It’s impossible to explain a father’s influence on his son in something as measly as a letter.  I could write volumes and still have more to say.  So let me just talk about your shoes.

Although more than forty years have passed since I was a little boy, I still remember waiting for you to walk through the front door at night after work.  You were HUGE.  You wore dark suits and serious business shoes, usually black or brown wingtips, polished to a high shine.  You always struck me as being in a bit of a hurry, and when you strode across our wooden floors, those shoes went BOOM-BOOM-BOOM

I wanted to grow up as soon as I could and wear shoes like yours.  Sometimes I would pull a pair of wingtips out of your closet and remove the wooden stretchers - which took some effort for a skinny kid like me - and slip those big shoes over my feet.  I’d try walking in them, stepping carefully to avoid tripping.  I wasn’t big enough to make them BOOM, but I liked the way they looked.

I knew the wingtips were your working shoes.  I didn’t really understand what kind of work you did, but I knew working was how you took care of us.  I knew the dark suits and the booming shoes and the daily trips to your office were the reason we lived in a nice house, and also the reason we didn’t look like the shabbily-dressed kids we saw when Mom took us along for her charity work.

Now and then you took Jerry and me to the office on a Saturday when you needed to catch up on some paperwork.  We enjoyed those office trips, partly because of the old-fashioned soda dispenser, the kind with rows of metal rails that held the bottles upright by the necks. For a dime - you always seemed to have dimes in your pocket - we could slide a bottle along those rails and out the side to release it. The lid was heavy and you had to hold it up for us.  But that was easy for you because you were HUGE.

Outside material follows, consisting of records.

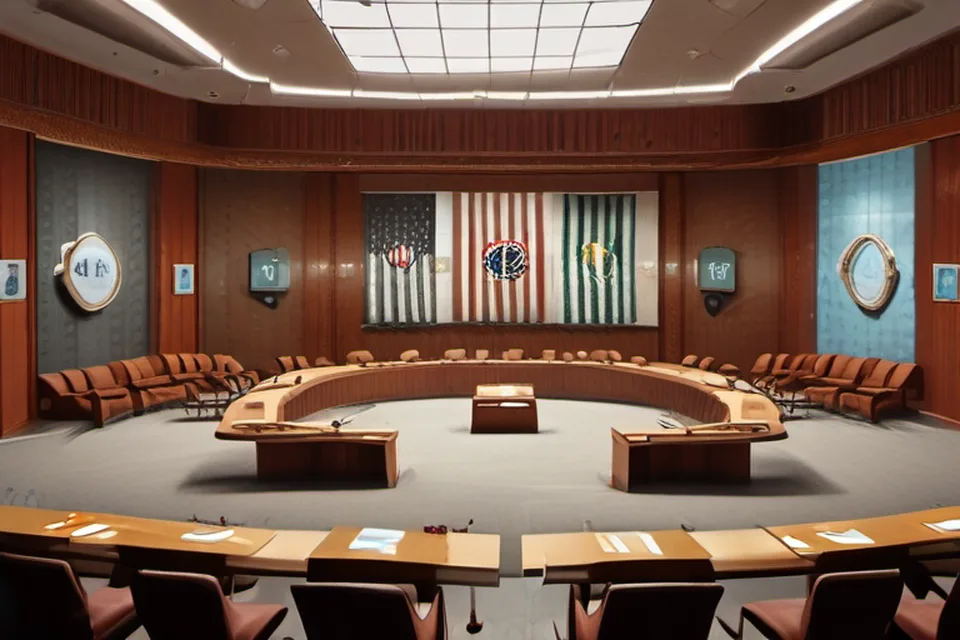Representatives of an international body discussing serious matters at a conference table.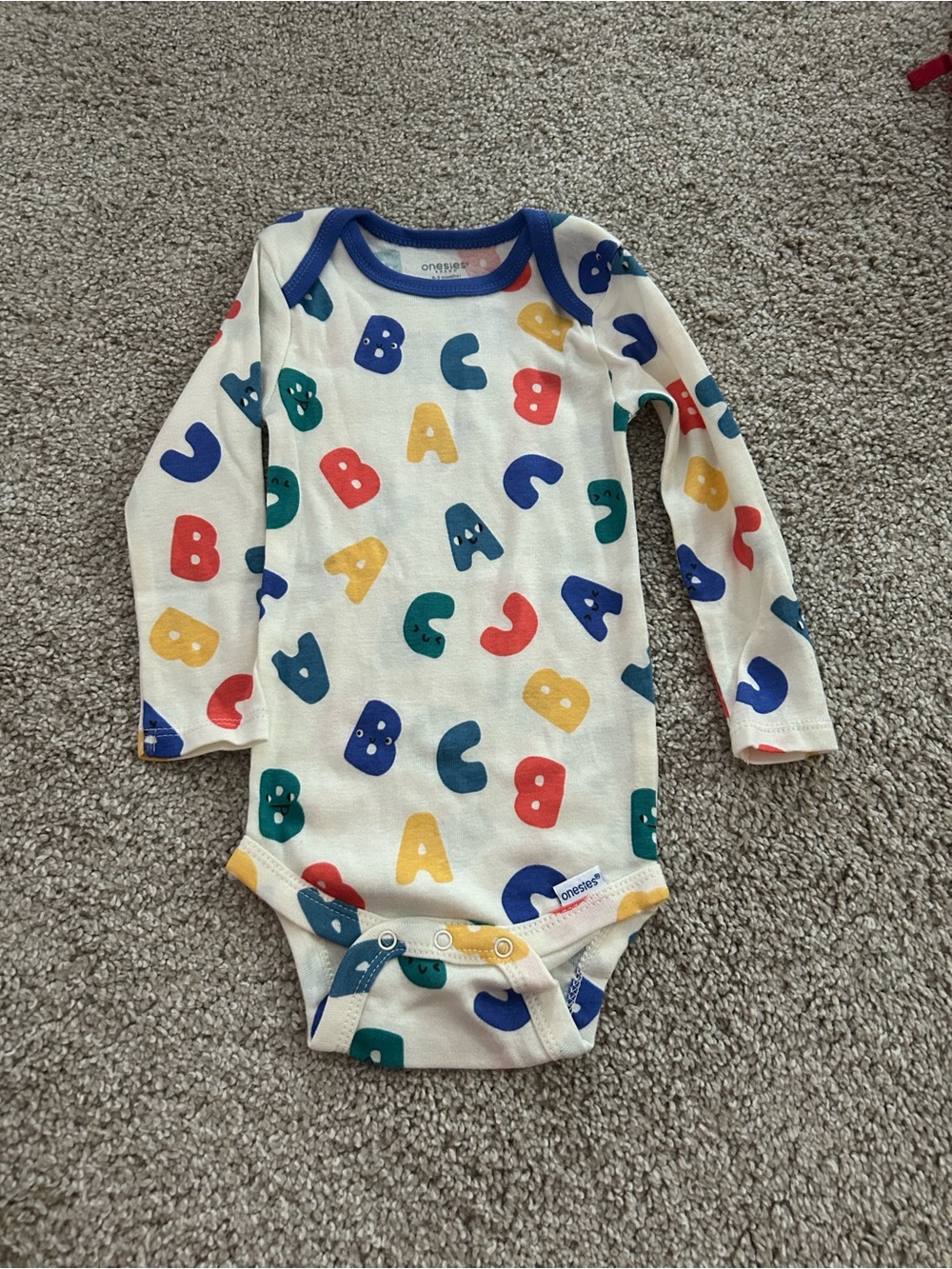 Onesies Brand 6-9 Month Alphabet Longsleeve Onesie NWOT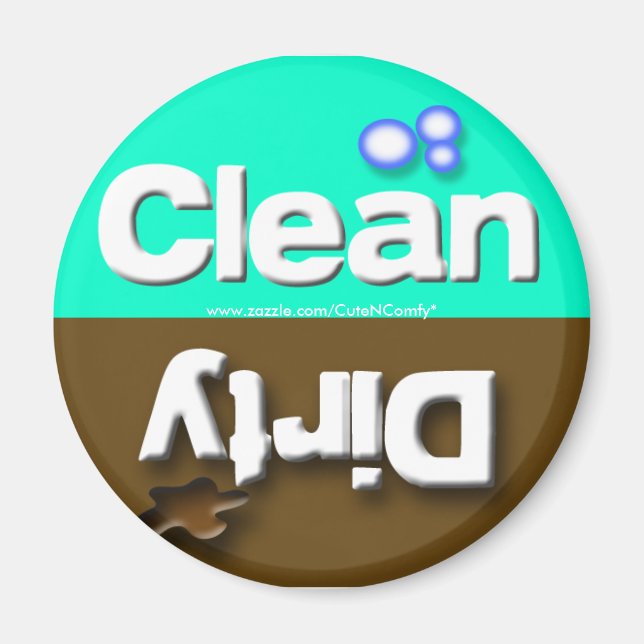 Teal Dishwasher Magnets Clean/Dirty Magnet (Framsidan)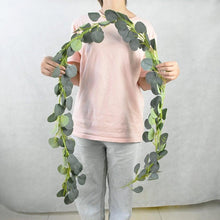 Load image into Gallery viewer, Modern Artificial Green Eucalyptus Leaves Garland Wisteria Rattan Fake Decor Silk Leaf Vines For Wedding Birthday Party Decor
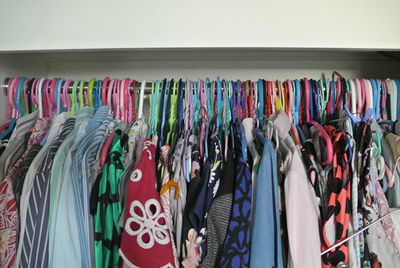 Side view of clothing rail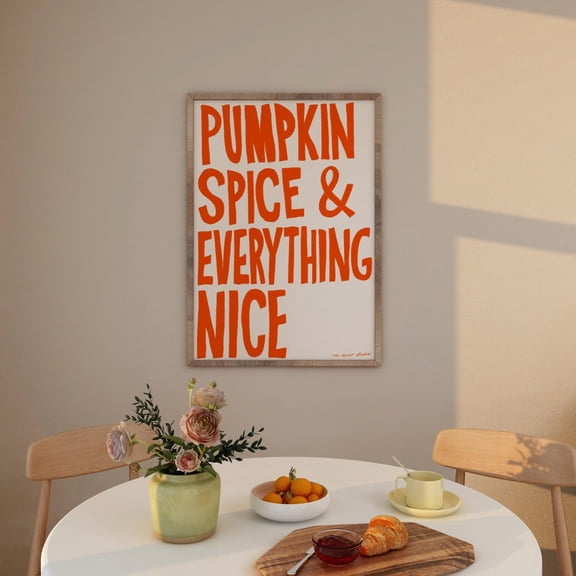 Pumpkin Spice & Everything Nice Poster, Hallo.Ween Print, Trendy Retro Mid Century Print, Modern Kitchen Wall Art UNFRAMED PAPER POSTER, Home Decor, Vintage Gift, Living Room Dercor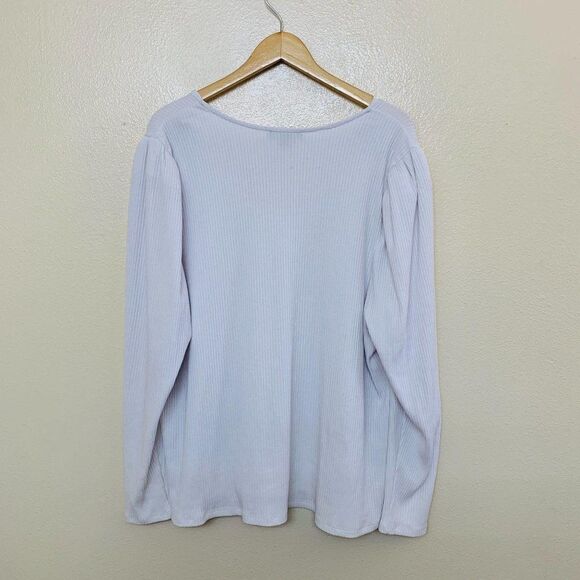 Inc Plus Size Ribbed-Knit Puff-Sleeve Top Size 3X White Stretch Fit - Picture 3 of 8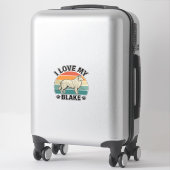 Sticker J'aime mon design de gravure rétro de chien Blake_ (Sur valise)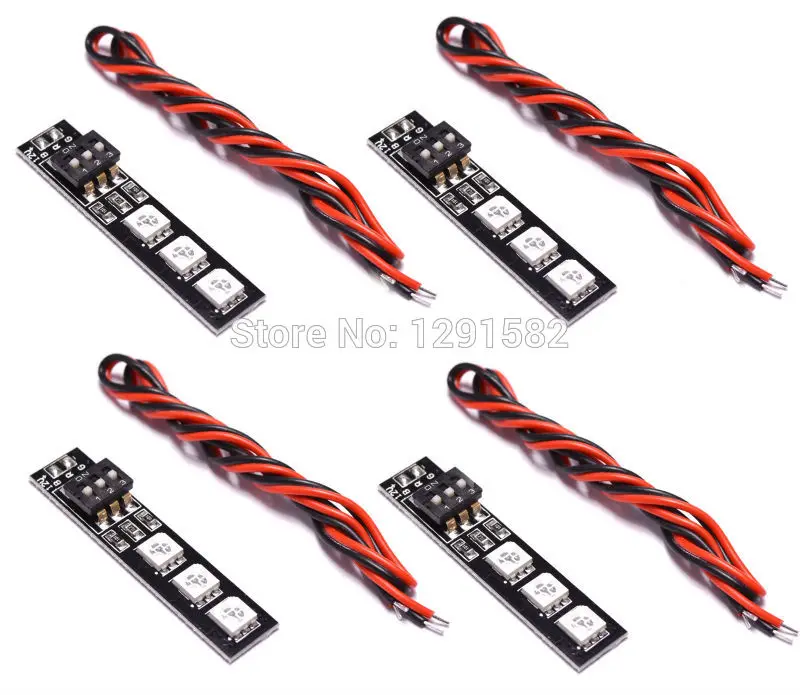 4 шт. RGB 5050 7 цветов 12В/16В 3S светодиодный светильник с переключателем DIP для QAV250 CC3D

I liked the way your office smelled … like paper and ink.  I liked the starkness of the fluorescent lights.  I liked looking at the photo on your wall of someone handing you a plaque and shaking your hand.  I knew that whatever you did, you were good at it, good enough that people wanted to shake your hand.  When I sat and did math exercises at my desk in school, I pretended I was in my own office, doing important work that would make someone want to shake my hand.

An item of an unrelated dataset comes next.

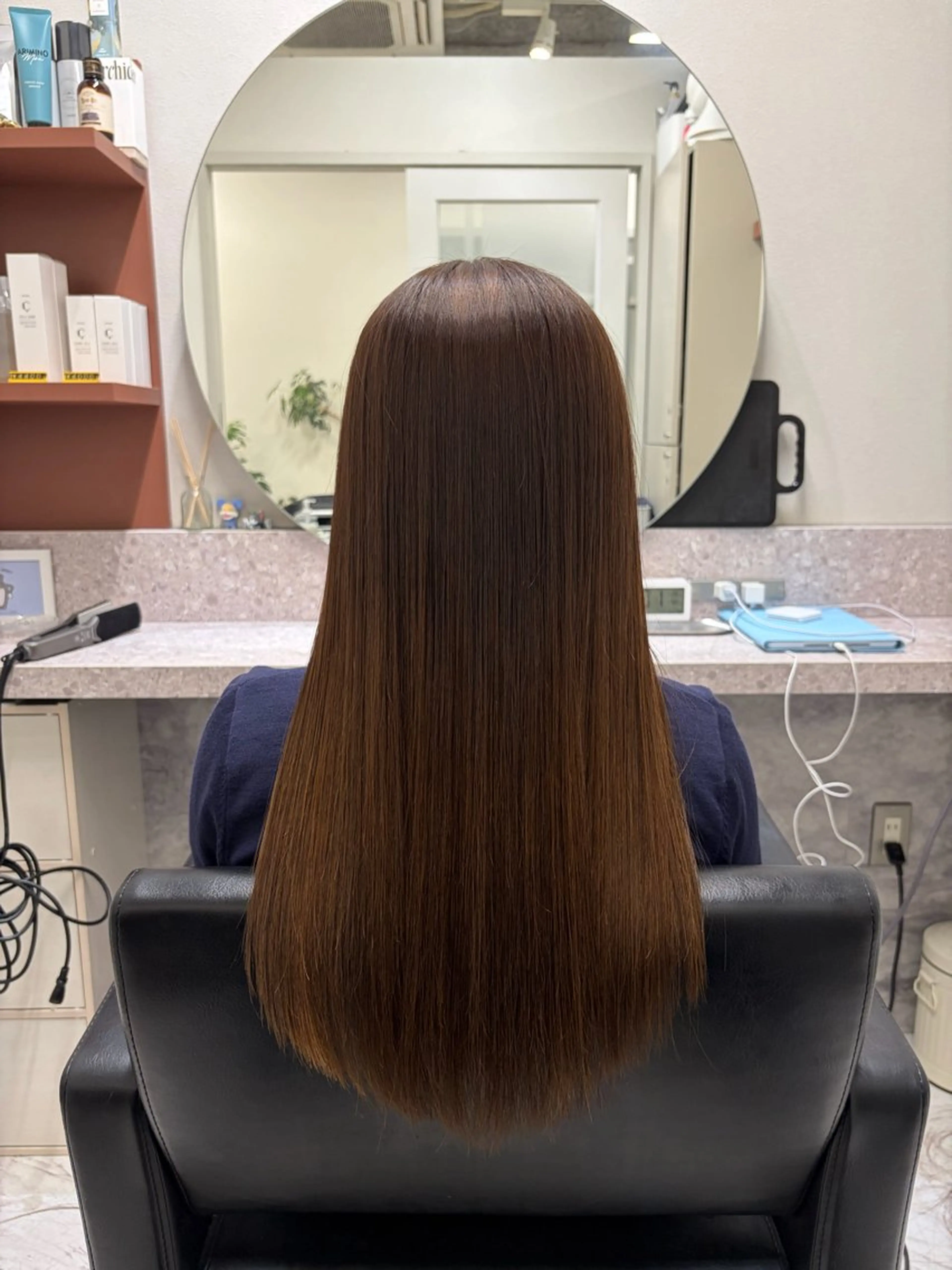 ロング カラー カット 縮毛矯正 濱田 瑠奈のヘアスタイル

I don’t know exactly when I decided I didn’t want to grow up and be just like you. Certainly by the time I enrolled in college, I knew I’d never be happy wearing dark suits and working in an office.  I rejected your advice about majoring in accounting.  I explained, somewhat hesitantly, that accounting might appeal to you, but I’d be bored out of my mind.

That’s when I began to realize you didn’t want me to grow up and be just like you, either.  When I chose pre-med for my major, you said that’s great, go for it, I’ll support you.  When I switched to psychology, you said that’s great, go for it, I’ll support you.  When I switched again to journalism as a junior, you said that’s great, go for it, I’ll support you. 

I’d like to say you were simply doing what any father would do, but I already knew that wasn’t true.  I had a girlfriend whose father disowned her when she switched her major from business to art; without any support from him, she graduated swimming in student-loan debt.  In high school I had a classmate who’d been told from birth he was going to be a doctor like his father, period, end of discussion.  He flunked organic chemistry in college and committed suicide.

When I had some humorous essays published after college, your golfing buddies told me how much they enjoyed reading them.  I was proud to be published, but more proud to know you’d been bragging about me to your friends.  When I announced I was going to quit my magazine job and go freelance, you said that’s great, go for it, I’ll support you - after all, you had quit a comfortable corporate job to run your own business and understood the drive to be independent.

And so, in a fit of optimism, I struck out on my own … and fell flat on my face.  That’s when I found out what “support” truly means.

It was embarrassing to spend part of my adult life living off loans from you, loans I knew you would never let me repay.  It’s still embarrassing when I think about it.  But I believe things happen for a reason; and even if they don’t, we can find our own reasons in them. 

Unlike Mom, you were never comfortable being affectionate. Until you became a grandpa, it took a couple of tall drinks to pry the words “I love you” from your lips.  I knew you loved me, but I didn’t fully understand that you love me, period, no matter what, just like Mom. 

I kept expecting one of those loans to come with a lecture attached, firm instructions to wise up, let go of my childish dreams, go get a real job as a sales rep.  But that never happened.   When you said anything at all, it was along the lines of, “Don’t worry.  Do something you love, and be the best at it. Things will get better.”  Those years, painful as they were, finally made it clear to me that you didn’t just support me.  You supported me.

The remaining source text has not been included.